• **Brief**
Copy out exactly, from the entries that follow, the line holding "image DISEWAKAN RUKO", the line holding "Used 2024 Chevrolet Tahoe LT image 3", and all lines between them, but no pictures.

• **Data for the task**
▼▼▼
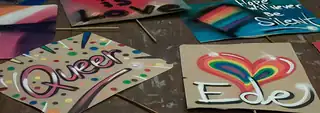 Fierce Queer Café: Pride-Schilder herstellen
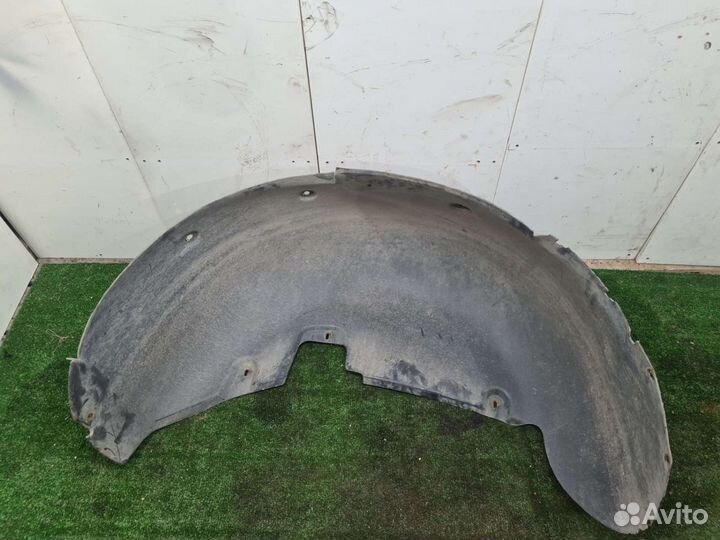 Подкрылок задний левый 7L6810971A Touareg 02-10 г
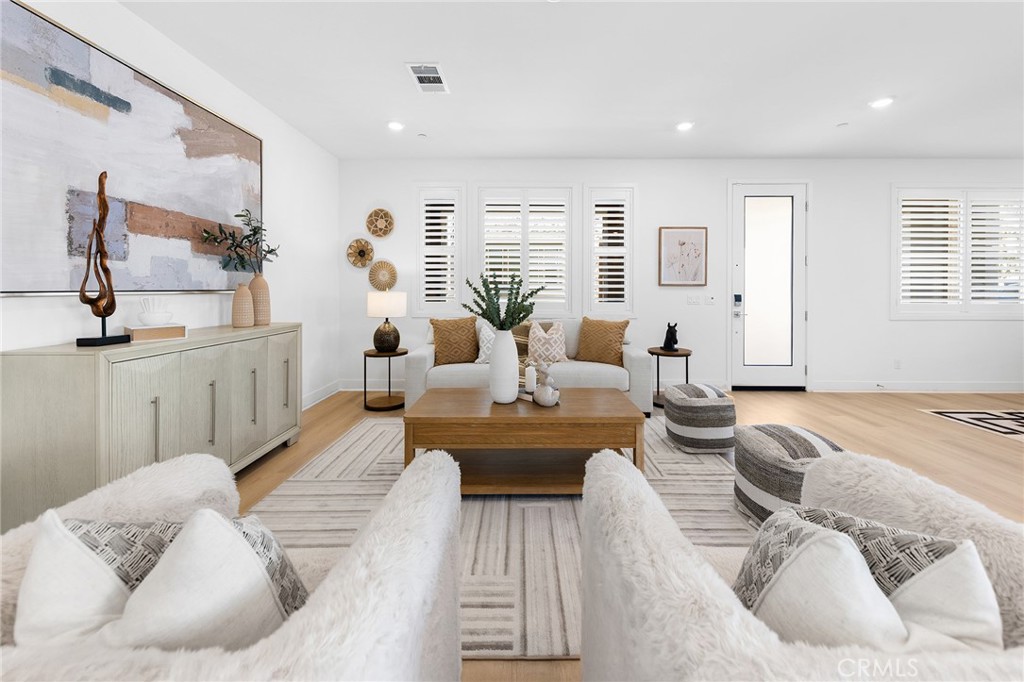 208 Zawn Irvine, CA 92618 - Photo 11 of 47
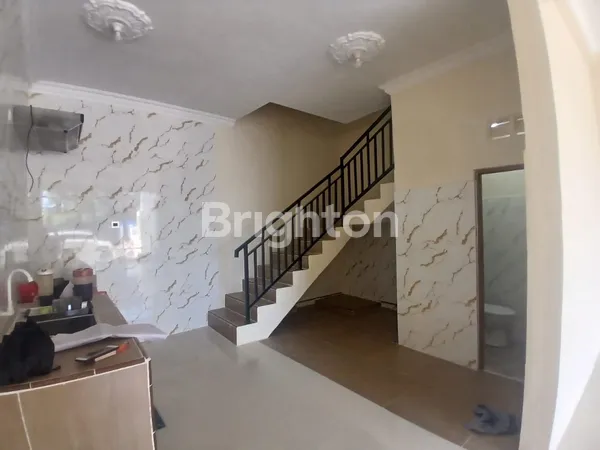 image DISEWAKAN RUKO BARU DIRENOVASI, 2,5 LANTAI, BERSIH, RAPI, SIAP HUNI, LOKASI KOMERSIAL AREA MANUKAN (5)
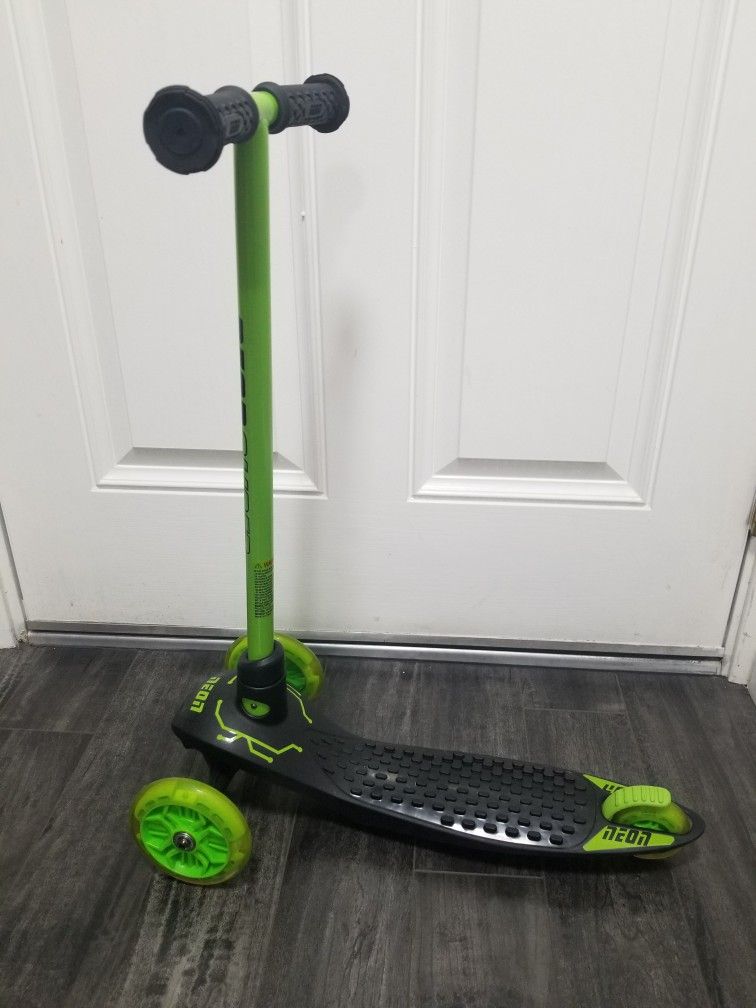 Neon Glider 3 wheel scooter light up wheels Green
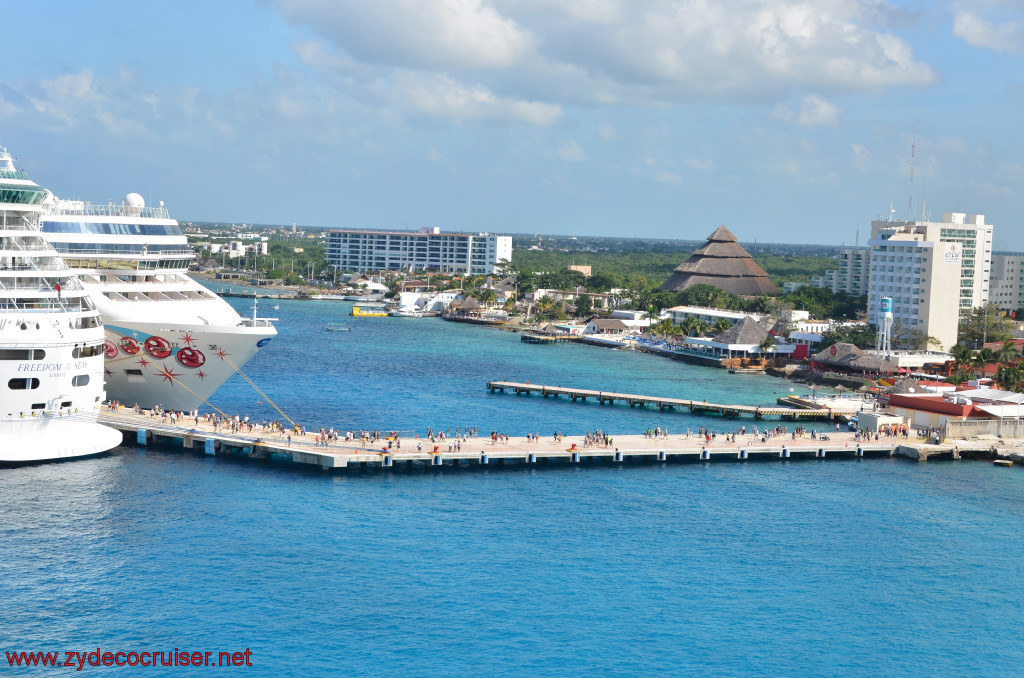 007: Carnival Conquest, Cozumel, International Pier, 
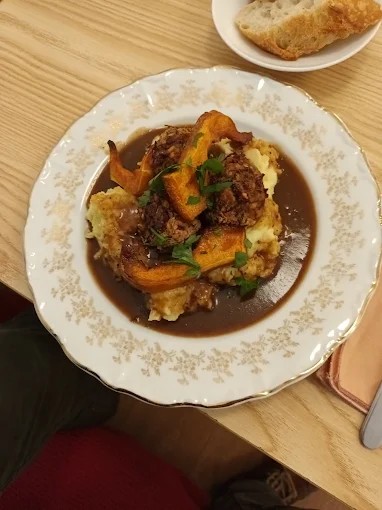Tofu grillé, riz complet et légumes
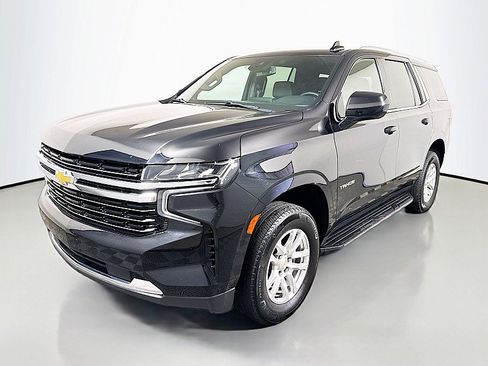 Used 2024 Chevrolet Tahoe LT image 3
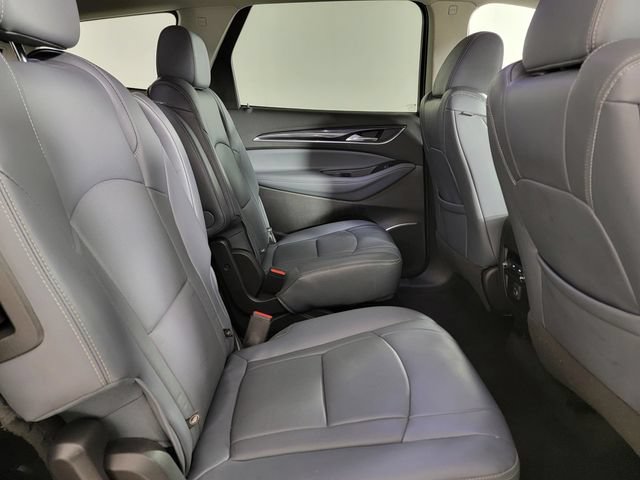 Used 2019 Buick Enclave Essence FWD image 17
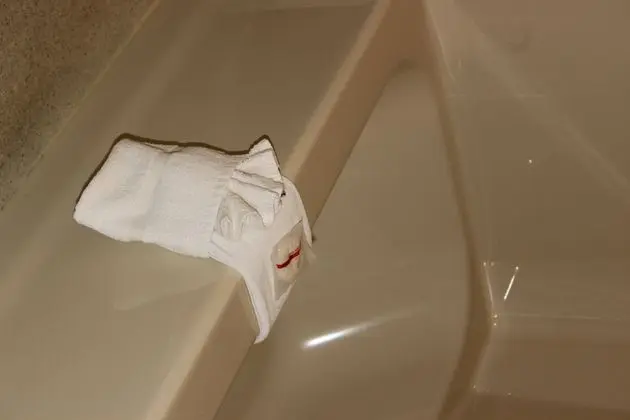 Oda, 2 Büyük (Queen) Boy Yatak, Sigara İçilmez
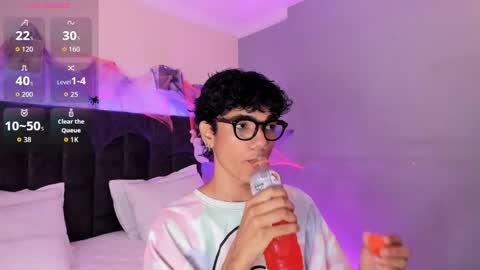 Phillip online show from October 12, 8:52 pm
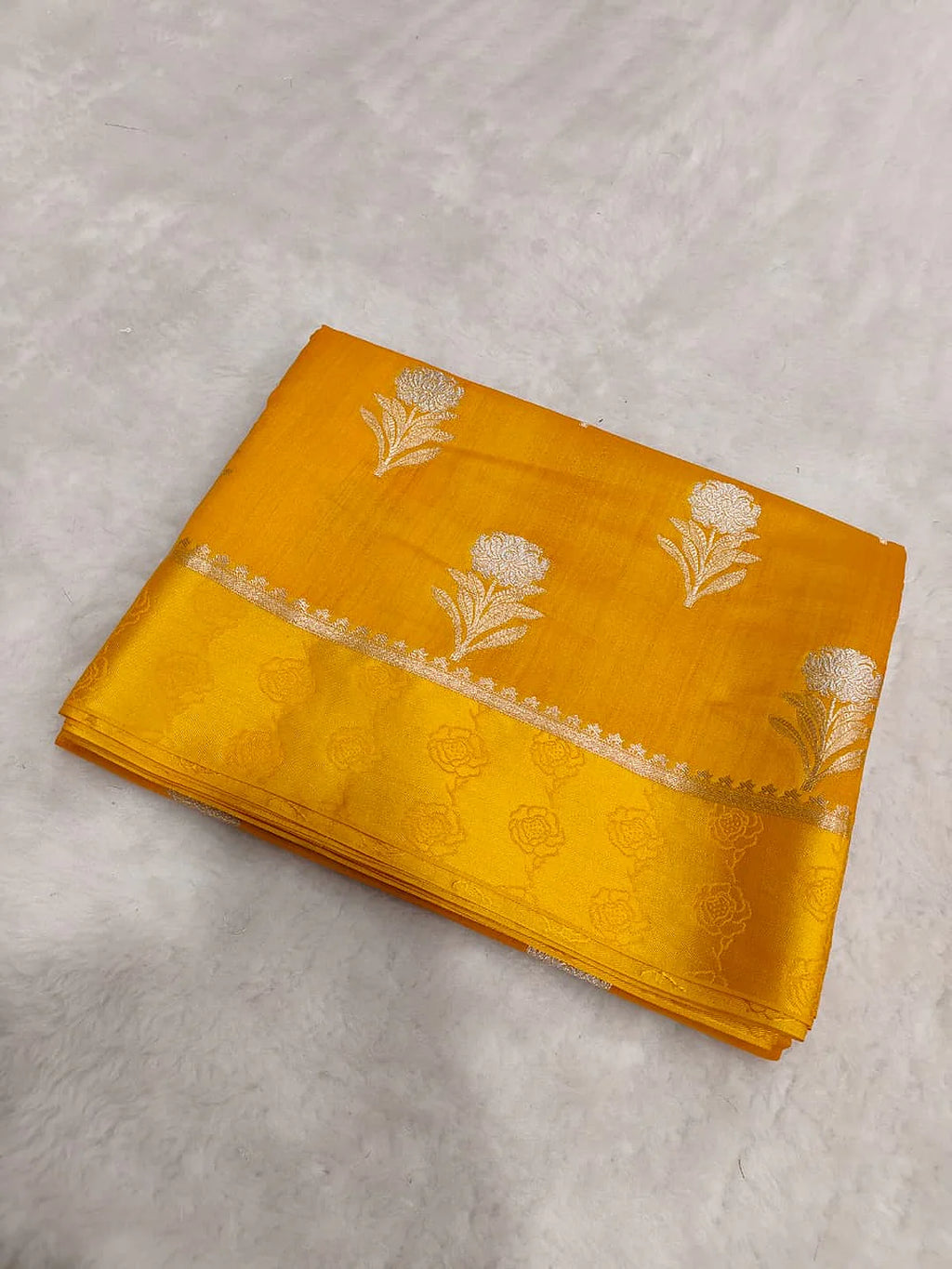 Pure Chiniya Silk Banarasi Saree with Satin Border | Zari Woven Luxury Saree - close up zari border of Pure Chiniya Katan Silk Banarasi Saree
▲▲▲
• **Reply to the exercise**
 image DISEWAKAN RUKO BARU DIRENOVASI, 2,5 LANTAI, BERSIH, RAPI, SIAP HUNI, LOKASI KOMERSIAL AREA MANUKAN (5)
 Neon Glider 3 wheel scooter light up wheels Green
 007: Carnival Conquest, Cozumel, International Pier, 
Tofu grillé, riz complet et légumes
 Used 2024 Chevrolet Tahoe LT image 3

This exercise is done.